The other two were furious with me. They cornered me in the supper queue. ‘We thought you should know that Eliza’s on cleaning duties for the rest of the month thanks to you having to be the Goody Two Shoes. “It was me, Miss Philips, I did the ironing.” ’
The way they looked at me, the way they imitated my voice, it was as if I were some lesser mortal. And it was so unfair. ‘That’s not how it was at all,’ I said. But they had made their minds up. They didn’t hear me. I felt my eyes tearing up. ‘She was being told off for not doing it properly. I was trying to help her.’
‘Sure you were,’ Rose said. ‘Great help running to Miss Philips to say you’d been left doing her laundry.’
‘That’s so unfair. I . . .’
‘Save it for someone who cares,’ Portia said. She turned to Rose. ‘Let’s join the back of the queue. Air’s better there.’ She swung around and her straight fair hair fanned out and danced round her shoulders.
‘Rice or potatoes,’ the cook asked me.
‘Both,’ I said.
‘It’s a choice menu, dear, so you have to pick one or t’other.
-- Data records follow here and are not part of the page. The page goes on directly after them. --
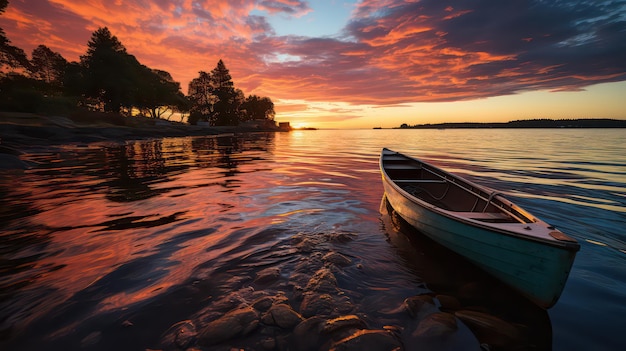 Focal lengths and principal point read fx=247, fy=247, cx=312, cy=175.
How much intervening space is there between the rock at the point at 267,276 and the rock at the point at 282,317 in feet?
2.70

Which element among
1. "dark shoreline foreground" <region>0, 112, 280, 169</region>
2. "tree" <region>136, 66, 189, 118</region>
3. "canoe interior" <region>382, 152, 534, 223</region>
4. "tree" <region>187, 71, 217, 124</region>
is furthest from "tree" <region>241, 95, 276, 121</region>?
"canoe interior" <region>382, 152, 534, 223</region>

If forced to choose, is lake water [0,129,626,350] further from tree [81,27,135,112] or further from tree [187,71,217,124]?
tree [187,71,217,124]

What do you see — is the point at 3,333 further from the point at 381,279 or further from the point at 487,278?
the point at 487,278

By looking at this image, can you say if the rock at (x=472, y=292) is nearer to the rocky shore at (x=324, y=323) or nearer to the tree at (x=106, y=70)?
the rocky shore at (x=324, y=323)

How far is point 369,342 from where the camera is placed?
312cm

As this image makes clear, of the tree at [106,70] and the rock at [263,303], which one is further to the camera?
the tree at [106,70]

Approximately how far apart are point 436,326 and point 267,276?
282cm

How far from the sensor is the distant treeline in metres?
38.2

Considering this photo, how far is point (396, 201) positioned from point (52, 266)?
784 centimetres

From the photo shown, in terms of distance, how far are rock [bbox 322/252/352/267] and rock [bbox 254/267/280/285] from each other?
42.4 inches

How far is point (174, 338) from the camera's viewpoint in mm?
3172

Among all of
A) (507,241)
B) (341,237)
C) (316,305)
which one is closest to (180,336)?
(316,305)

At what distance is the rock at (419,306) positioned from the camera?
3.75 metres

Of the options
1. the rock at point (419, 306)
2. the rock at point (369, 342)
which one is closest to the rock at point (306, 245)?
the rock at point (419, 306) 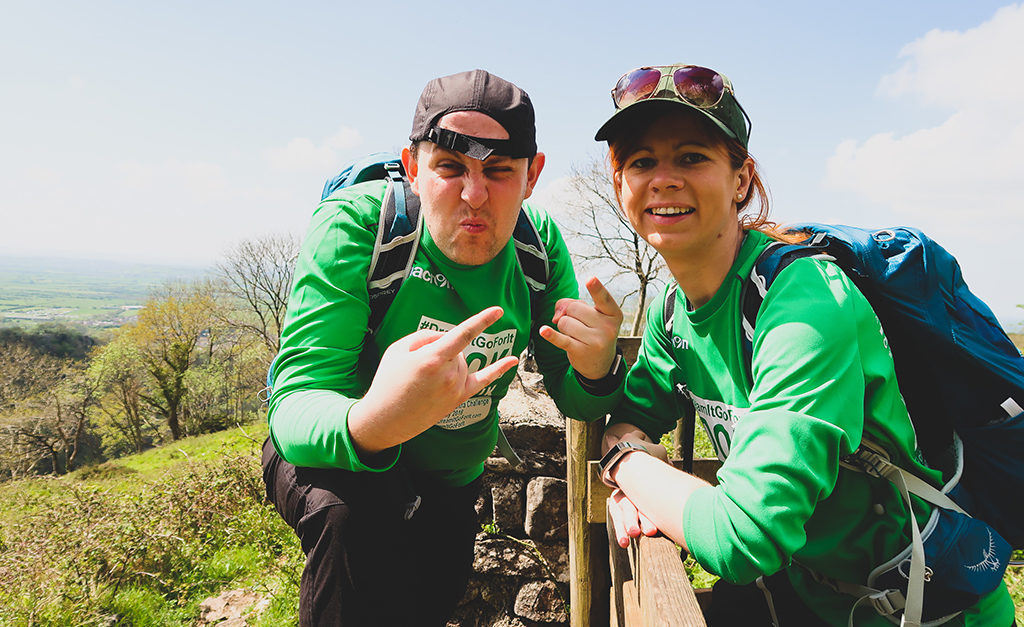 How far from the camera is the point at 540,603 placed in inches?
157

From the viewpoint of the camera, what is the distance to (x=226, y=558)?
215 inches

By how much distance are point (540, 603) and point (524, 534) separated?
49cm

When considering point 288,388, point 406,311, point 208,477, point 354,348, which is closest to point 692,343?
point 406,311

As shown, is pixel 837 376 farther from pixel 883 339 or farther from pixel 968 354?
pixel 968 354

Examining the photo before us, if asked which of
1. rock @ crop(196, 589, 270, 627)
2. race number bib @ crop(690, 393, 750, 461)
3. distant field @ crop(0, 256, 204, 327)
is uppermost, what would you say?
race number bib @ crop(690, 393, 750, 461)

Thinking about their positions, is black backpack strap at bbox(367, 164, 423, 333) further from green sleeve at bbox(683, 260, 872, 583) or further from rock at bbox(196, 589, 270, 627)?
rock at bbox(196, 589, 270, 627)

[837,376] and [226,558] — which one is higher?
[837,376]

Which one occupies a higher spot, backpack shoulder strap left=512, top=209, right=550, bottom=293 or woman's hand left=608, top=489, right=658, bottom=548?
backpack shoulder strap left=512, top=209, right=550, bottom=293

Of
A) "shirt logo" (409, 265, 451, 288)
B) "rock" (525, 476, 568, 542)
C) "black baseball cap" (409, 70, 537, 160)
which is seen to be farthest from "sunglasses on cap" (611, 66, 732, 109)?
"rock" (525, 476, 568, 542)

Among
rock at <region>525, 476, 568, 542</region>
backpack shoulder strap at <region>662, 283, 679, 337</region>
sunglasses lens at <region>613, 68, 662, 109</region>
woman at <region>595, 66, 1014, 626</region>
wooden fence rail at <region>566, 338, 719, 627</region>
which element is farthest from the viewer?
rock at <region>525, 476, 568, 542</region>

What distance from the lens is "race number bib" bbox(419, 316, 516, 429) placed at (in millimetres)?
2188

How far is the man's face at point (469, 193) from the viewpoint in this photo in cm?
200

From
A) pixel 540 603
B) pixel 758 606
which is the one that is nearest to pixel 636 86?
pixel 758 606

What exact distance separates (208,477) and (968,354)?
25.5 feet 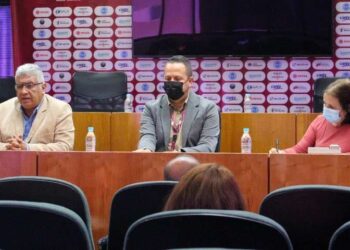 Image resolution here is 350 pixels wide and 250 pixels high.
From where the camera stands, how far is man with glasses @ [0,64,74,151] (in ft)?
15.1

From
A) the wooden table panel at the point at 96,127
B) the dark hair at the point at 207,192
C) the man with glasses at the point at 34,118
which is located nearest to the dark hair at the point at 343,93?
the man with glasses at the point at 34,118

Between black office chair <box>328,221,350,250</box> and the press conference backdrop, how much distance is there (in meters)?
5.86

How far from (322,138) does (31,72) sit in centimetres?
220

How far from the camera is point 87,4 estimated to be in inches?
317

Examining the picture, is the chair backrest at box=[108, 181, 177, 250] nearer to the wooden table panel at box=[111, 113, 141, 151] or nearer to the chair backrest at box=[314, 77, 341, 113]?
the wooden table panel at box=[111, 113, 141, 151]

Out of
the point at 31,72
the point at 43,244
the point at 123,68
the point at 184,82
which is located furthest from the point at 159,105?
the point at 123,68

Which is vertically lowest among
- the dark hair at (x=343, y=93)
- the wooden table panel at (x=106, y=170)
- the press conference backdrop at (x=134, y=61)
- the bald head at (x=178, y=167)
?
the wooden table panel at (x=106, y=170)

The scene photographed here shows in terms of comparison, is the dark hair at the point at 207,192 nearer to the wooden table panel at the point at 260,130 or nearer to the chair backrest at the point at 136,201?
the chair backrest at the point at 136,201

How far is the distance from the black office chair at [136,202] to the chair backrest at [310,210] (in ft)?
1.47

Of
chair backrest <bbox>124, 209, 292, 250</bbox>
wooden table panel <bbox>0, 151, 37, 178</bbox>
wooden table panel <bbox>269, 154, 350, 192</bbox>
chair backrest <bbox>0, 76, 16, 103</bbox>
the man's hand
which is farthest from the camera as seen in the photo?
chair backrest <bbox>0, 76, 16, 103</bbox>

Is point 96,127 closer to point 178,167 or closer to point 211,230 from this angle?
point 178,167

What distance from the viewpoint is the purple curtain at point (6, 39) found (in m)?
8.36

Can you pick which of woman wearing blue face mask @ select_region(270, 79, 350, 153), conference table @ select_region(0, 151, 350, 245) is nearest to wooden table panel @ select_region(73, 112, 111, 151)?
woman wearing blue face mask @ select_region(270, 79, 350, 153)

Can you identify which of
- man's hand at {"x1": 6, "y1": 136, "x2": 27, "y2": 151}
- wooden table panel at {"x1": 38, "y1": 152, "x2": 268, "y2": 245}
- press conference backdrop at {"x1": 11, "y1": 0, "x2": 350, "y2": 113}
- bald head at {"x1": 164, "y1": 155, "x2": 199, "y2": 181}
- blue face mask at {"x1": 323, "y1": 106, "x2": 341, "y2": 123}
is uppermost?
press conference backdrop at {"x1": 11, "y1": 0, "x2": 350, "y2": 113}
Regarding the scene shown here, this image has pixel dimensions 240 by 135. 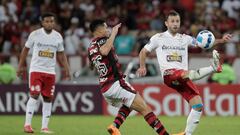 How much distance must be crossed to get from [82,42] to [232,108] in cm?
645

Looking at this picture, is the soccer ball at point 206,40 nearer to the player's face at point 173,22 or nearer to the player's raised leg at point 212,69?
the player's face at point 173,22

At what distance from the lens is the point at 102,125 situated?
1819 cm

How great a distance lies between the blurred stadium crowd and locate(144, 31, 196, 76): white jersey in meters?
10.1

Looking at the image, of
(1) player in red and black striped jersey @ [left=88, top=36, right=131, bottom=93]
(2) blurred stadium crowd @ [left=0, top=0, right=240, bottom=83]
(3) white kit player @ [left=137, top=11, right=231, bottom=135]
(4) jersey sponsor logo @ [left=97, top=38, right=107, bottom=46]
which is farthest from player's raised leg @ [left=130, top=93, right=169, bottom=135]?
(2) blurred stadium crowd @ [left=0, top=0, right=240, bottom=83]

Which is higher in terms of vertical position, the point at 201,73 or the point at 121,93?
the point at 201,73

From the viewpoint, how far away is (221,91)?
21609mm

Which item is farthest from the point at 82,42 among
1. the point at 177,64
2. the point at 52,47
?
the point at 177,64

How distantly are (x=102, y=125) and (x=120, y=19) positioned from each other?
9.07 m

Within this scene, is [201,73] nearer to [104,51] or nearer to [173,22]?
[173,22]

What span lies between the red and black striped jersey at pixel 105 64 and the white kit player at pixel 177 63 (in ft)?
1.62

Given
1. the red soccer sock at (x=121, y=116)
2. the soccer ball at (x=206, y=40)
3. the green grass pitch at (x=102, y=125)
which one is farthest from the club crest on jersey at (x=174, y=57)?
the green grass pitch at (x=102, y=125)

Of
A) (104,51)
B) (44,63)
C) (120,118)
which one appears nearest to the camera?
(104,51)

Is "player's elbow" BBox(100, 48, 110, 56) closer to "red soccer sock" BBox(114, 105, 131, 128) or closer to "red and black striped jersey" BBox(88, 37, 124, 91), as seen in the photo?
"red and black striped jersey" BBox(88, 37, 124, 91)

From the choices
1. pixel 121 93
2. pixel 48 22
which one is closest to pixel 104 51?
pixel 121 93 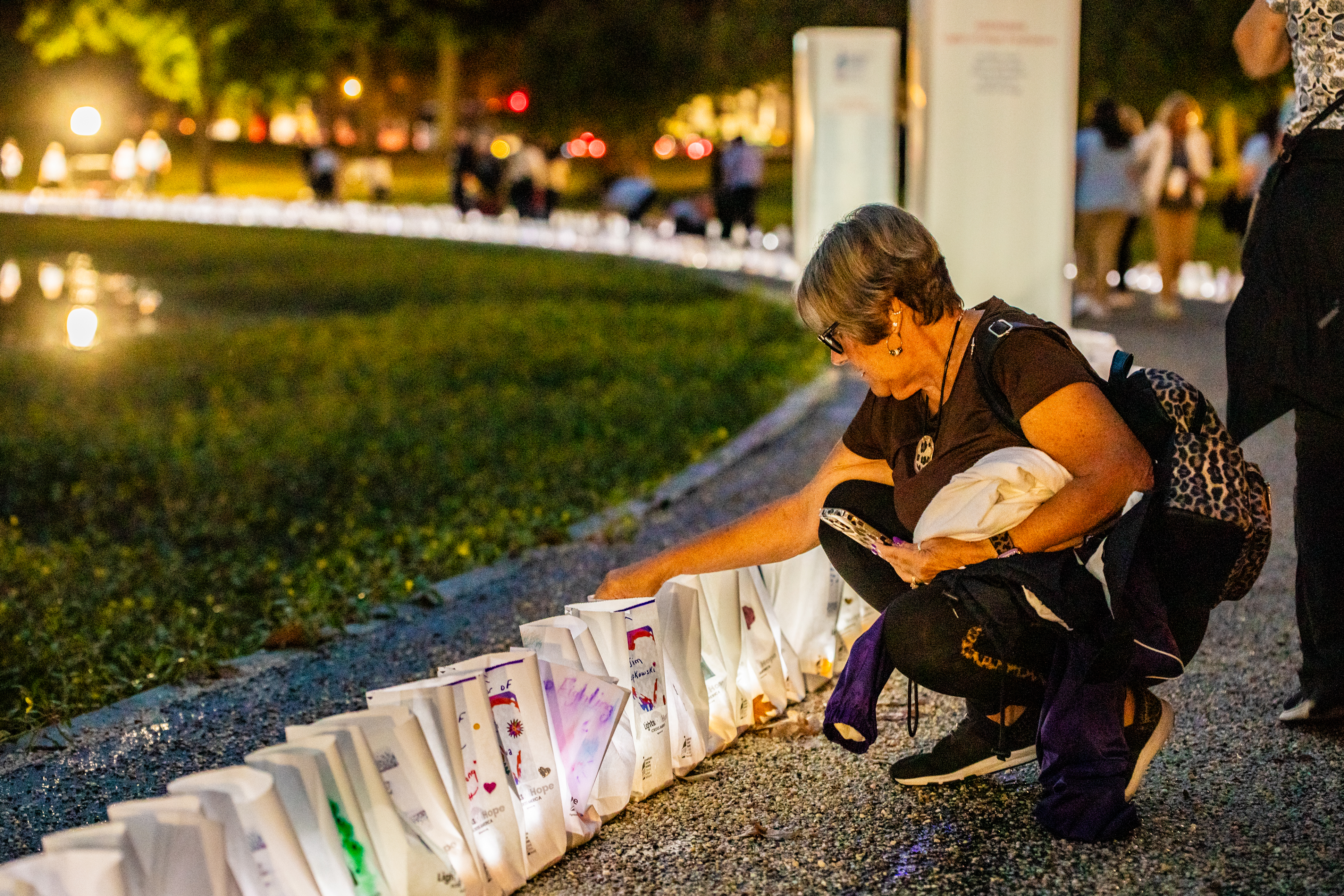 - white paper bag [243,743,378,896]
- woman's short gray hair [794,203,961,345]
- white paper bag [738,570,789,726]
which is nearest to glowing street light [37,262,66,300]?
white paper bag [738,570,789,726]

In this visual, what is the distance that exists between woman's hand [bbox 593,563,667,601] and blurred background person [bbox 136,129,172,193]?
4238cm

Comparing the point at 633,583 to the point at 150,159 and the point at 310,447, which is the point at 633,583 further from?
the point at 150,159

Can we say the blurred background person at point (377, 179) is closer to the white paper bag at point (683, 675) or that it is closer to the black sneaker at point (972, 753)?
the white paper bag at point (683, 675)

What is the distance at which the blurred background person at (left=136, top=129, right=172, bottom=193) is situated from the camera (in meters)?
43.2

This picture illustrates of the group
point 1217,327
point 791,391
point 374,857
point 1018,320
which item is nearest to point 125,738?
point 374,857

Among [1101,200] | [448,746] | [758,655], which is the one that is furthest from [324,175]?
[448,746]

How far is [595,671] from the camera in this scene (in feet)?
11.5

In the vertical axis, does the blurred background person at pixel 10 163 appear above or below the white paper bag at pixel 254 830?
above

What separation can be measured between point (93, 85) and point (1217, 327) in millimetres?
51819

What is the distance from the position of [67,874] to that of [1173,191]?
41.2 ft

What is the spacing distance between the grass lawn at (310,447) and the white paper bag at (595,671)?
5.96 feet

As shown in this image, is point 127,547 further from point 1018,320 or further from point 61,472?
point 1018,320

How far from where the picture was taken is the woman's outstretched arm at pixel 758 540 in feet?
12.0

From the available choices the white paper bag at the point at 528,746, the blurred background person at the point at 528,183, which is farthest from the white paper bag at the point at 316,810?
the blurred background person at the point at 528,183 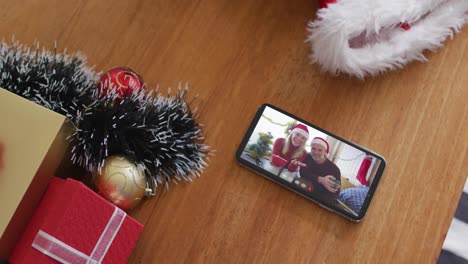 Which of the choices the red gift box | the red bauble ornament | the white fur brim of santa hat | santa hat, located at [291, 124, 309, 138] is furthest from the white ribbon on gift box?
the white fur brim of santa hat

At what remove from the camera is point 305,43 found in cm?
74

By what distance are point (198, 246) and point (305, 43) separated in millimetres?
363

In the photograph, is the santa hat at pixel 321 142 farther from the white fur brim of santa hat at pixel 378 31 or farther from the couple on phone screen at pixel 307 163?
the white fur brim of santa hat at pixel 378 31

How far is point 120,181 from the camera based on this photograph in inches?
23.7

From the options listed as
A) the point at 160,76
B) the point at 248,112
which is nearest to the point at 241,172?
the point at 248,112

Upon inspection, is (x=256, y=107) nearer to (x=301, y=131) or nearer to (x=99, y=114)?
(x=301, y=131)

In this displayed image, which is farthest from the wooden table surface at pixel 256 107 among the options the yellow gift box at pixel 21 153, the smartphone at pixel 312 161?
the yellow gift box at pixel 21 153

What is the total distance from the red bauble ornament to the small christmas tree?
0.19 metres

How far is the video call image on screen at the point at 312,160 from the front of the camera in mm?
669

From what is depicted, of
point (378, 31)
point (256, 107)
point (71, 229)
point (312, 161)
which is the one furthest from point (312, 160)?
point (71, 229)

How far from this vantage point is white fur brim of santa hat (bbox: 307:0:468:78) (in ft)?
2.24

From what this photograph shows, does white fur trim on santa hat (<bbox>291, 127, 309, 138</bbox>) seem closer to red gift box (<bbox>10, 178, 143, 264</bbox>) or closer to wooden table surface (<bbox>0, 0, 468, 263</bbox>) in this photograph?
wooden table surface (<bbox>0, 0, 468, 263</bbox>)

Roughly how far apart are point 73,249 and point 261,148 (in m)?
0.30

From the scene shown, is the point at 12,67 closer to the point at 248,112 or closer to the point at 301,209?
the point at 248,112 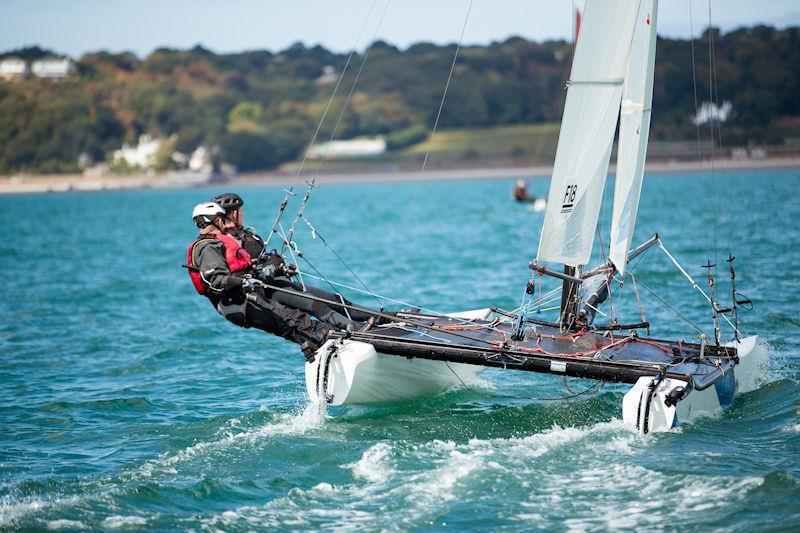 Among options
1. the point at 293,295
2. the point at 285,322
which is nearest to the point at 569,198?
the point at 293,295

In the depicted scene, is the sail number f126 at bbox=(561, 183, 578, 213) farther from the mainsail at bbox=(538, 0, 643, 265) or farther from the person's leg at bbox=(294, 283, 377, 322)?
the person's leg at bbox=(294, 283, 377, 322)

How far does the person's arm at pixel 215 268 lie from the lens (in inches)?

The rice is good today.’
I looked at her, at her stupid red face, and then I fixed her with a princess stare. ‘I said I wanted both. You’re not a teacher. You can’t tell me what I can eat or cannot eat. Do you know how much we pay to come here?’
You wouldn’t have thought it possible but she turned even redder. ‘There’s no need to talk like that, young lady. Just because you have money doesn’t mean you can be rude, you know. Now what will it be, rice or potatoes?’
‘Neither,’ I said my voice calm and haughty. ‘You can shove your disgusting food.’
Actually, I almost liked her for thinking I was one of them.
Nine
Eliza
The doorbell rang the evening after my return from Sweden. I was sitting at the kitchen table working on a Staffordshire piece of Little Red Riding Hood and the Wolf that some misguided interior designer had made into a lamp. I was at a critical point of my work. It was the turn of the Wolf’s grin to be retouched. The painter’s vision appeared to have been of a wolf who grinned sheepishly. Not my take on the story, but I had no right to interfere with the creator’s vision, so I would make sure it remained sheepish. I decided to ignore whoever it was. The bell rang a second time and for longer. Reluctantly I got to my feet and ran down the stairs. I looked through the peephole. It was Ruth. Ruth is my stepsister, my mother having married her father, Claude, the summer after I left school. Ruth, her husband Robert and their daughter Lottie, had remained safely on the other side of the world until six months ago when they had moved, rather suddenly, to London. My mother had muttered something about ‘a fresh start’, adding that her lips were sealed. She had gone on to say that it would be nice if I introduced my stepsister to some of my friends. After a pause she had added, ‘Well, to Beatrice.’
‘I have other friends.’
‘Of course you do,’ my mother had said.
‘Eliza, is that you?’ Ruth called through the door.
With a sigh I hoped she had not heard I unlocked the door. We touched cheeks. I realised I had paint on my fingers so I wiped my hands on the back of my dress.
‘Oh I’m sorry.’ She looked me up and down. ‘Should I have phoned first?’
‘No no, this is fine.’ I stood by to let her through, as it appeared there was no polite way of stopping her.
She followed me up the stairs to the little landing. Looking around her she said, ‘So this is where you live.’
‘But you’ve been here before, haven’t you?’
‘No. Never. I told Olivia I understood if you were feeling a bit embarrassed. I’ve seen pictures of that lovely mews house you and Gabriel used to live in when you were still together.’ She glanced around her at the narrow hall, which was painted in a ‘neutral’ colour like the rest of the place because the landlord had been watching too much Property Ladder. ‘This is a bit different, isn’t it?’ She turned back to me. ‘But I told Olivia, Eliza should know by now that I’m the last person to mind that sort of thing.’